Data shown:

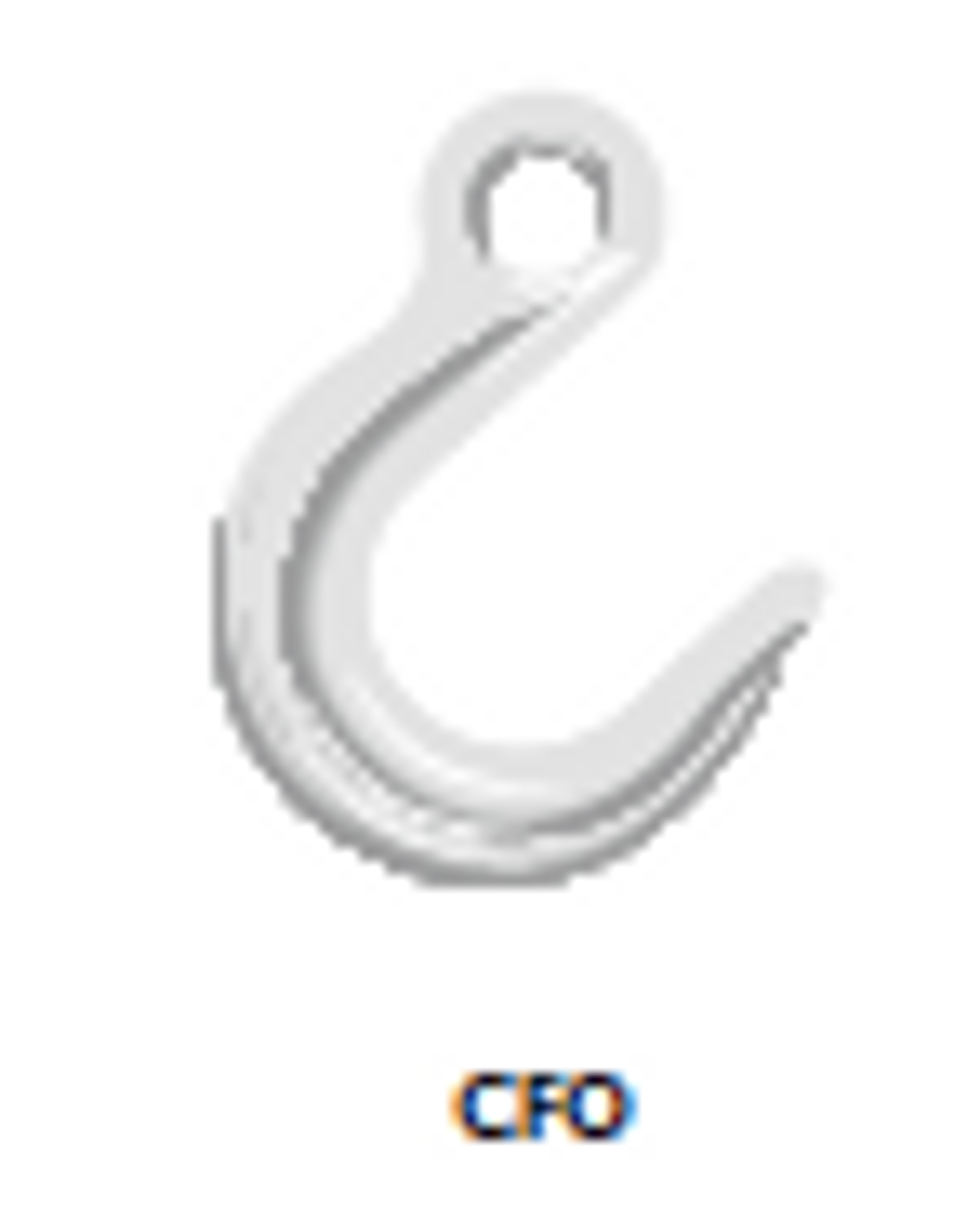 Green Pin® Foundry Hook E GR8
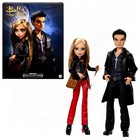 Buffy - Monster High Skullector Buffy And Angel Doll 2-pack - In Hand 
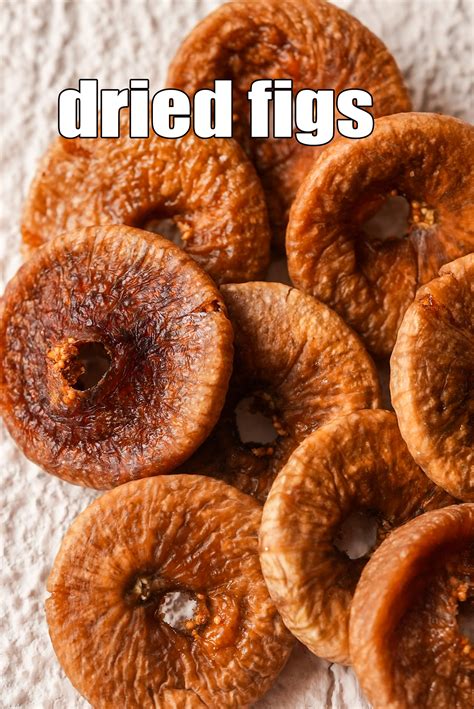 What is Dried Figs, sukhe snjeer, dry anjeer? Glossary | Benefits, Uses ...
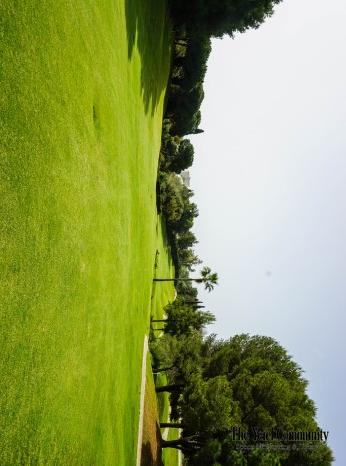 Plano del hoyo 2 de Santa María Golf & Country Club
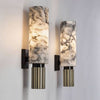 AUSTIN Minimalistische Kupfer-Wandlampe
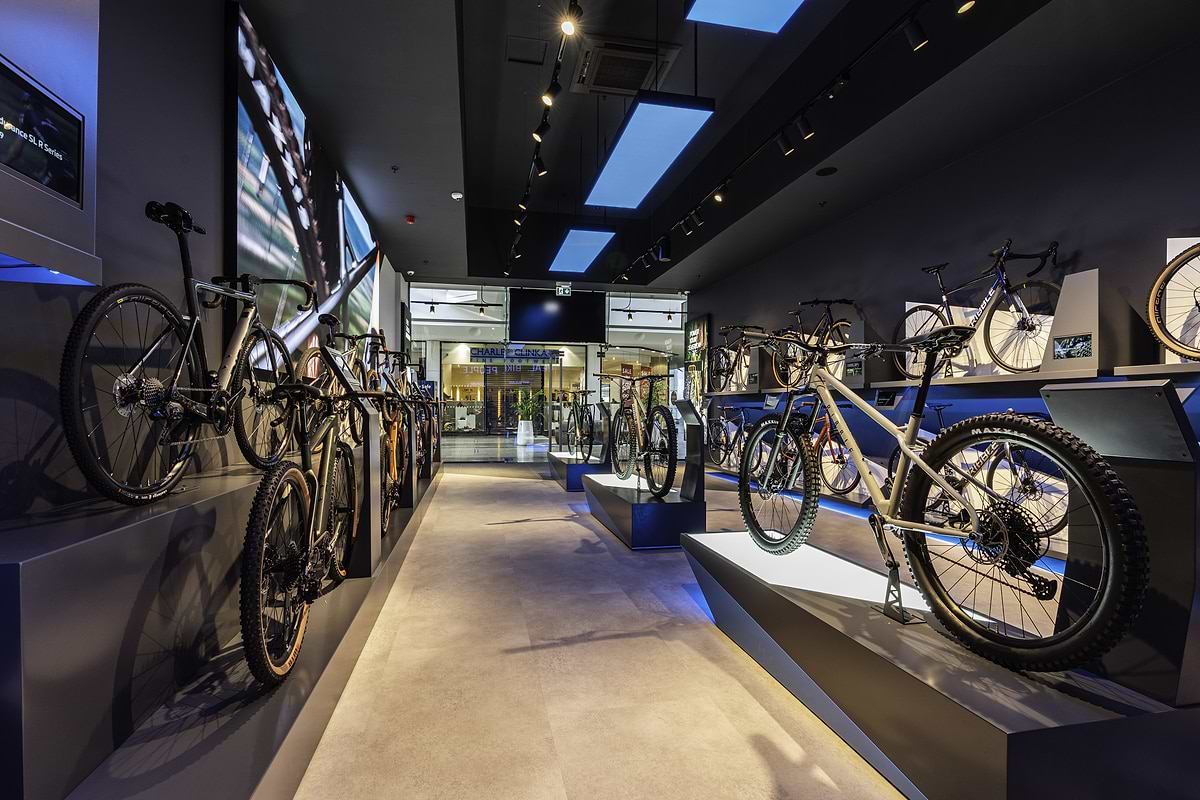 Bristol Showroom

Problem:
Output the material word for word. Pictures do not go in.

Answer for the task:
 Green Pin® Foundry Hook E GR8
 Buffy - Monster High Skullector Buffy And Angel Doll 2-pack - In Hand 
 What is Dried Figs, sukhe snjeer, dry anjeer? Glossary | Benefits, Uses ...
 Plano del hoyo 2 de Santa María Golf & Country Club
 AUSTIN Minimalistische Kupfer-Wandlampe
 Bristol Showroom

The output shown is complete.